Of course, in light of the present educational crisis, I’m not sure there isn’t something to be said for making possession of an LL.D. a felony.

Marshall McLuhan (1969)

In his 1969 interview with Playboy magazine, McLuhan talks about a crisis in education that was driven largely by a clash between the then current TV generation of children and their predecessors, inheritors of visual, print-literate culture. McLuhan (1969) sees education as an “instrument of cultural aggression, imposing upon retribalized youth the obsolescent visual values of the dying literate age” (p. 249). He goes further to describe the educational system as “totally review mirror. It’s a dying and outdated system founded on literate values and fragmented and classified data totally unsuited to the needs of the first television generation” (pp. 249-50). The children of the television generation – a generation of which I am a member since I was entering kindergarten in 1969 – encounter great difficulties within the educational system. As McLuhan puts it:

The TV child finds it difficult if not impossible to adjust to the fragmented, visual goals of our education after having had all his senses involved by the electric media; he craves in-depth involvement, not linear detachment and uniform sequential patterns. But suddenly and without preparation, he is snatched from the cool inclusive womb of television and exposed – within a vast bureaucratic structure of courses and credits – to the hot medium of print. (p. 250)

Herein lies the problem for McLuhan, for the TV generation and, of course, for the authorities who are struggling to reproduce in the next generation the dominant values of visual culture: the clash between visual and electric cultures is not something that can be addressed with more of the same techniques in schools. According to McLuhan (1969) “the sensory and attitudinal revolution has already taken place before the child ever reaches school, altering his sensory existence and his mental processes in profound ways” (p. 251).

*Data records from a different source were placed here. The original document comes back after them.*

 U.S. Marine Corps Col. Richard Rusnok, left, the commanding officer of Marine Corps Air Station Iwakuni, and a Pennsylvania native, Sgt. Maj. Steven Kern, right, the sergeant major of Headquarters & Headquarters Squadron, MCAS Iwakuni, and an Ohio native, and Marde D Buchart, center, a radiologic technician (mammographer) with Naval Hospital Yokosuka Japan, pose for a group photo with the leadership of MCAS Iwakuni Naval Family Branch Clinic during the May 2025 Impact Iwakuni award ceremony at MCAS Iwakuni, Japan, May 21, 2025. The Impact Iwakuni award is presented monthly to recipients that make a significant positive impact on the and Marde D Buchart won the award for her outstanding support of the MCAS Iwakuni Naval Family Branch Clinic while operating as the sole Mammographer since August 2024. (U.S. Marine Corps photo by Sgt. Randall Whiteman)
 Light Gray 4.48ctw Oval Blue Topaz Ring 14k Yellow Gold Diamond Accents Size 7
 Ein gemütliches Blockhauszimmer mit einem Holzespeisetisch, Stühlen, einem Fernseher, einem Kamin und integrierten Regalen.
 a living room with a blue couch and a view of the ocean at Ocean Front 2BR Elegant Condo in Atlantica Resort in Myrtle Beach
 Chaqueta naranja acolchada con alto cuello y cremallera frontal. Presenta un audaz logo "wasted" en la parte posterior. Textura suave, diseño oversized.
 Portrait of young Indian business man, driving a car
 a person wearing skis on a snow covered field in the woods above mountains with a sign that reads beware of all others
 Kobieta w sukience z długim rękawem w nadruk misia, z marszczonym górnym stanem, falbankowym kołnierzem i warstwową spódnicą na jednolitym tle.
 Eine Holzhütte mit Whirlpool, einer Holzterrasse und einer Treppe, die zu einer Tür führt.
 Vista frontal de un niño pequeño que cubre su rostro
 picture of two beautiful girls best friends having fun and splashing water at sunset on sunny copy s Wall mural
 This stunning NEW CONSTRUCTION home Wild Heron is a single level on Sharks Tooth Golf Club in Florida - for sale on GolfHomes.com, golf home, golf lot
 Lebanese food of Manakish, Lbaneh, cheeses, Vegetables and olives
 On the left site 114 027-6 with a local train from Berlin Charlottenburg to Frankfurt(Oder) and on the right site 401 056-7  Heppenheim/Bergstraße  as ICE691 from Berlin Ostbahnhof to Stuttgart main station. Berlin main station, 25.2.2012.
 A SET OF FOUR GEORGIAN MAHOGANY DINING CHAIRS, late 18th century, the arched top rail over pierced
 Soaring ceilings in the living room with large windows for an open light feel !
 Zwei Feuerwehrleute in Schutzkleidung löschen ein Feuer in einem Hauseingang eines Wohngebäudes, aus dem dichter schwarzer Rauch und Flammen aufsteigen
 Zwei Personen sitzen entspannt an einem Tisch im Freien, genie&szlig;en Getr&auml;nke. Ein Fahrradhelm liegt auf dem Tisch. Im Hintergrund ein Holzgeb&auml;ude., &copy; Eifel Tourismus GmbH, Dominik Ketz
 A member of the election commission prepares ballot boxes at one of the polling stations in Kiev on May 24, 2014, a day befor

Despite the passage of 40 years, and almost two generations since McLuhan made these comments, the same tension between visual and electronic ages seems to be in play, though it has perhaps been recast in the terminology of the digital age, an age that sees the convergence of all media (as McLuhan predicted), and a remarkable shift to a world where consumers become producers of all manner of content (from video to audio to writing) on the Internet (something that MLuhan also predicted before the arrival of this contemporary global nervous system). Donald Prensky (2001), for instance, talks about a division between the ages similar to the one identified by McLuhan in his essay Digital Natives Digital Immigrants.” In some rather harsh criticism of the contemporary education system, Prensky identifies “Digital Natives”, youth who have grown up with digital technologies, and “Digital Immigrants”, older people who were born before the advent of digital technologies (particularly the Internet). According to Prensky, “our digital Immigrant instructors, who speak an outdated language (that of the pre-digital age), are struggling to teach a population that speaks an entirely new language” (p. 2). And while it is possible for digital immigrants to learn to become digitally literate, it is unlikely that they lose their pre-digital accents.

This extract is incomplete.